Orbital characteristics
- Epoch: 28 December 1830 (JD 2389814.6604)
- Observation arc: 46 days
- Number of observations: 61
- Perihelion: 0.1259 AU
- Eccentricity: ~1.000
- Inclination: 135.263°
- Longitude of ascending node: 340.239°
- Argument of periapsis: 26.888°
- Last perihelion: 28 December 1830

Physical characteristics
- Comet total magnitude (M1): 6.2
- Apparent magnitude: 2.0 (1831 apparition, possibly brighter in late 1830)

= C/1831 A1 (Herapath) =

Great Comet of 1831

Herapath's Comet, also known as C/1831 A1 by its modern designation, is a bright comet that was visible in the naked eye in 1831. Due to its brightness, it is considered to be the Great Comet of 1831.

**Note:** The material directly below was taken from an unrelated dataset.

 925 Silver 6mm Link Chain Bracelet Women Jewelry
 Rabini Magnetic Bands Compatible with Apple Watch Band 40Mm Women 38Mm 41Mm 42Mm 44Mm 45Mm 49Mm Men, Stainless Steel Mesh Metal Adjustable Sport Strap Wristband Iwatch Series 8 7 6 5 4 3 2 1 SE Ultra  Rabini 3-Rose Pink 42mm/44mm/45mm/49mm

== Discovery and observation ==
Reconstruction of the comet's trajectory indicates that C/1831 A1 must have been bright enough to be seen with the naked eye throughout the southern hemisphere (possibly even brighter than Venus) prior to its perihelion on 28 December 1830. However, no written records of its appearance prior to its discovery have yet been found.

The comet was already on its outbound trajectory when it was first discovered by an English astronomer named John Herapath, from Hounslow Heath around 6:00 AM on 7 January 1831 as a magnitude +2.0 object in the constellation Serpens. He reported that "the tail was then nearly perpendicular to the horizon, inclined towards the south, and of a white colour, apparently between 1–2° long". Later studies in 2011 revealed that it was independently discovered by Thomas Glanville Taylor from the Madras Observatory in India around six hours earlier, but he had not reported his sighting.

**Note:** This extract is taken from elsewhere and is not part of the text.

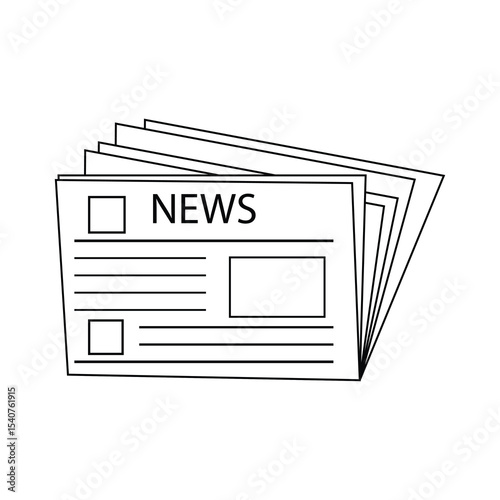 Newspaper icon outline collection in black and on white background. Newspaper icon flat.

Further naked eye observations between 8 and 23 January 1831 were made by other astronomers like Wilhelm von Biela, Robert T. Paine, Giovanni Santini, and Niccolò Cacciatore.

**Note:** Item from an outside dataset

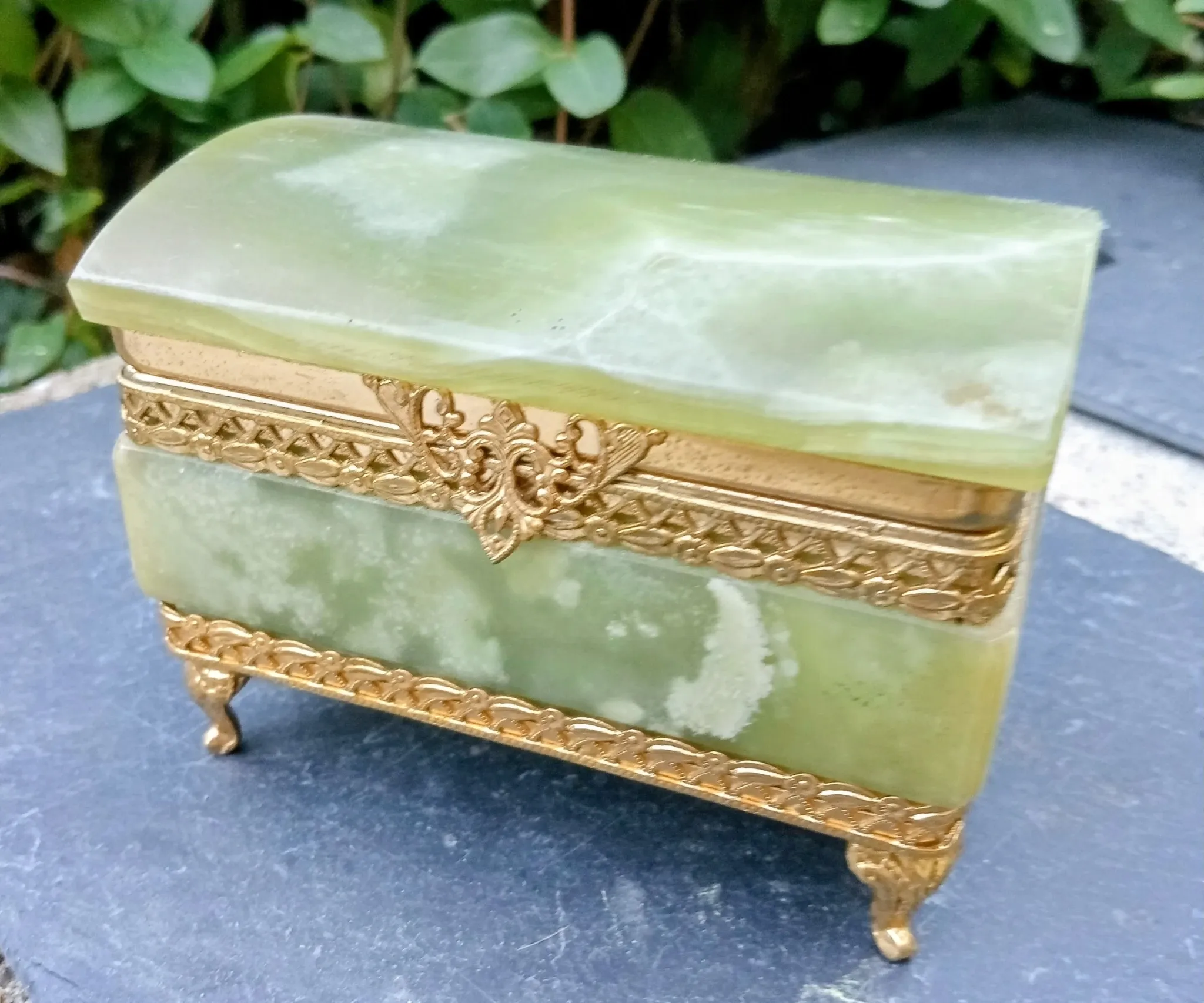 Ashtray, onyx jewellery box from the 1960s, vintage Italy.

The comet's brightness rapidly declined to magnitude +4.0 by late January, but the tail's length across the sky remained about 3°. By February 1831, the comet was further observed using telescopes by astronomers Friedrich B. Nicolai and Heinrich Olbers, while Taylor continued his observations until 20 February It was last seen by Karl Friedrich Knorre on 19 March 1831.

== Orbit ==
Calculations by Jakob P. Wolfers, Christian F. Peters, Knorre and Santini determined the comet's path in a retrograde parabolic trajectory inclined around 135° to the ecliptic. On 28 December 1830 it made its closest approach to the Sun at a distance of 0.13 AU, making it a sungrazing comet. It made its closest approach to Earth on 16 February 1831 at a distance of 0.53 AU. Due to the limited initial data, it is unknown if the comet will return to the inner Solar System or it is ejected into interstellar space.